In light of the bargained-for remedies for default contained in section 22 of the mortgage agreement, and the presumption against superfluity as applied to section 5, Avila has stated a facially plausible claim that the parties did not intend that his missed payments preclude him from enforcing section 5 of the agreement. Though CitiMortgage could have accelerated Avila's loan in response to his missed mortgage payments, it did not do so.
CitiMortgage cites Hukic v. Aurora Loan Services, 588 F.3d 420 (7th Cir.2009), for the proposition that a borrower's breach makes him powerless to enforce a mortgage agreement. That's a significant overreading of the opinion. Hukic's mortgage agreement required him to provide his lender with proof that he was paying his property taxes and insurance premiums. If he didn't, the lender was entitled to pay the taxes and insurance itself and then add the costs to the monthly mortgage payment. Id. at 433. Hukic paid his taxes and premiums but ignored the lender's repeated requests for proof of payment and then sued when the lender paid the bills on his behalf. Id. We affirmed the dismissal of Hukic's breach-of-contract claim. Id. As we explained in a later case, "Hukic's failure to comply with his contractual obligations was material and absolved the servicers from liability because it directly caused the servicers' actions that were the basis of his own breach of contract claims." Catalan v. GMAC Mortg. Corp., 629 F.3d 676, 692 (7th Cir. 2011).

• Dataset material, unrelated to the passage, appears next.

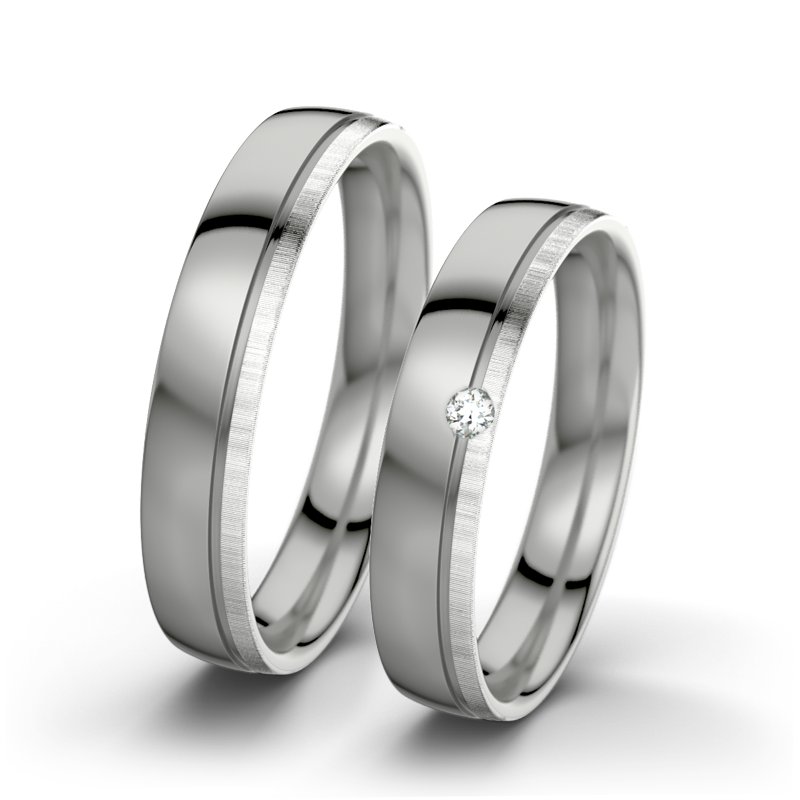 Diamantring Ginger F4, Palladium 585 poliert, von vorn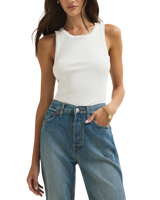 Clarke Rib Tank Top in White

Here, Avila's claim is that CitiMortgage's use of the insurance proceeds to reduce his loan was not a contractually permitted response to his default. In Hukic the lender's response to the borrower's default was expressly permitted. The two cases are not analogous.
CitiMortgage also claims that Avila's complaint is defective unless it asserts his compliance with each and every affirmative duty imposed on him by the mortgage agreement. We disagree, for essentially the same reasons discussed above; Avila has pleaded a facially plausible claim that the mortgage agreement survived his default. The possibility that Avila has other unknown (and uncured) defaults does not necessarily defeat his claim.
We do not, of course, express any view on the ultimate merits of Avila's claim. CitiMortgage may have contract defenses
For the foregoing reasons, we AFFIRM the dismissal of the claim for breach of fiduciary duty, REVERSE the dismissal of the breach-of-contract claim, and REMAND for further proceedings consistent with this opinion.